No wonder the Legislature has resisted mandating a full-fledged financial literacy class in high school.
They’re trying to sell more lottery tickets.
And make no mistake, this is all about sales.
People aren’t buying tickets for the number-picking games like they used to.
Those sales have stagnated.
So the Legislature’s Office of Program Policy Analysis and Government Accountability made some recommendations.
One is to offer lottery tickets at gas pumps.
The report noted that “offering this option at ATMs may help expand the retailer network to non-traditional locations.”
I’d like to say that’s truly a Florid-duh moment, but other states have already tried this.

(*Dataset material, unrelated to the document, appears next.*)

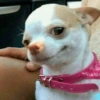 Chihuahuas 🙃 9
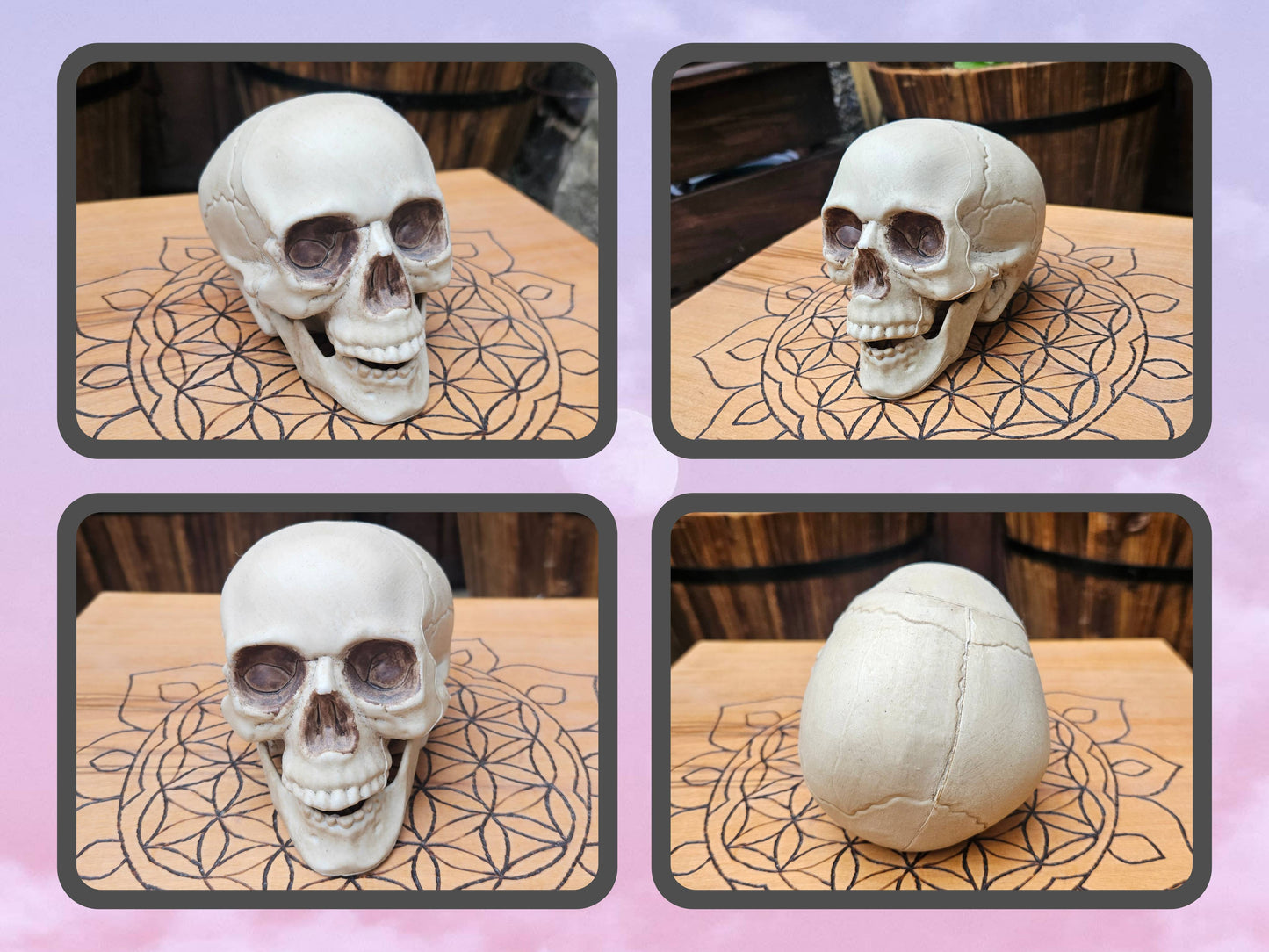 Hollow Laughing Skull - EX Display (No Box)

Minnesota stopped offering lottery tickets at gas pumps and ATMs earlier this year because that state’s Legislature decided the terminals overstepped Minnesota’s gaming rules.
Florida is pressing on anyway.
Bills to add lottery tickets to gas pumps and other vending machines that accept credit and debit cards are moving forward in the House and the Senate.

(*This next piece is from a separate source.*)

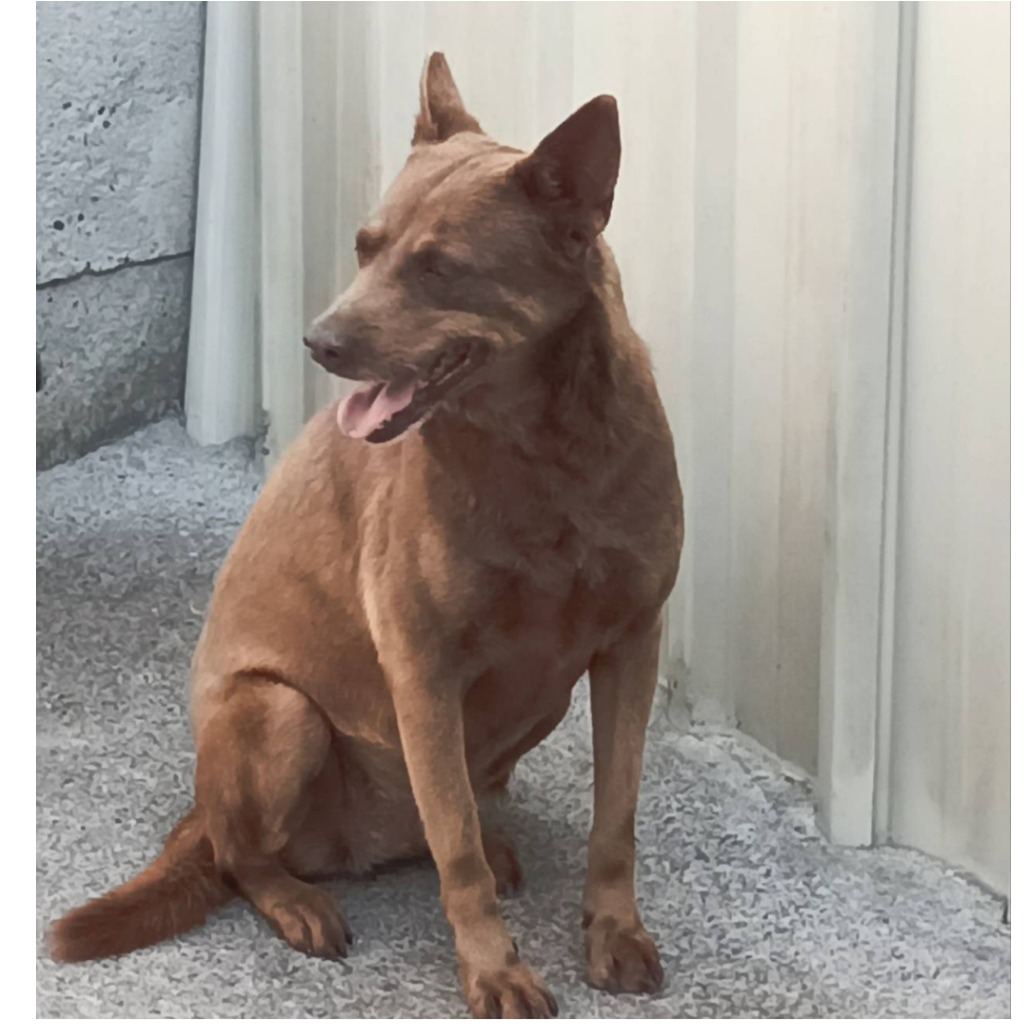 Photo of No. 113-B017D, Adult · Female · Large · Mixed breed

Mixing gambling with charge cards is like mixing Miley Cyrus with Yo Gabba Gabba on your kids’ playlist.
Wagering a few bucks — plus 25 percent interest to MasterCard or Visa — on Florida Mega Millions makes those 1 in 258,890,850 odds seem even worse.
Not to mention that people who regularly play the lottery are often those who can least afford it.
Sen. Garrett Richter, a Republican from Naples, is one of the sponsors of the credit card lotto bill.
He says it’s all about convenience and brushed aside concerns that poor people would be disproportionately affected.
“They have an automobile or they wouldn’t be at a gas pump,” he said. “They have the ability to pay with a credit card so they’re creditworthy.”
Except that a car is almost as essential as shelter in a state with such a pathetic public transportation system.
And credit card companies aren’t very discriminatory — they simply charge higher interest rates to customers with lower credit scores.
Rep. Holly Raschein, a Republican from Key Largo, is the sponsor in the House.
She said the current restriction on credit card sales of lottery tickets, which requires that the customer purchase at least $20 worth of milk, bread, gas or other goods in order to use a credit card for lottery tickets, would remain in place.
“This is not meant to prey on those who have credit issues or gaming issues,” she said.
Other states go much further in restricting credit card sales.
Missouri and North Carolina allow lottery sales at gas pumps, but only with debit cards, not credit cards.
Missouri puts a $100 per week limit on cardholders.
California limits players to $20 per transaction and $50 per week.
Both Raschein and Richter said they were open to adding restrictions as the bill moves forward.
Both also said they oppose allowing scratch-off tickets to be sold at gas pumps.
While the traditional number drawing games have stagnated, scratch-off sales have soared.
Last year the lottery launched 41 new scratch-off games and sales jumped by $388 million, or nearly 13 percent from a year earlier, according to a lottery report.
And that brings us back to the reason for the lottery in the first place.
It was a sold as a way to bolster the state’s education budget.
This year, though, state budget projections say there will be a nearly $1 billion surplus.
If lawmakers want to boost the amount of money they spend on schools, they could do that without asking Floridians to gamble on their credit cards.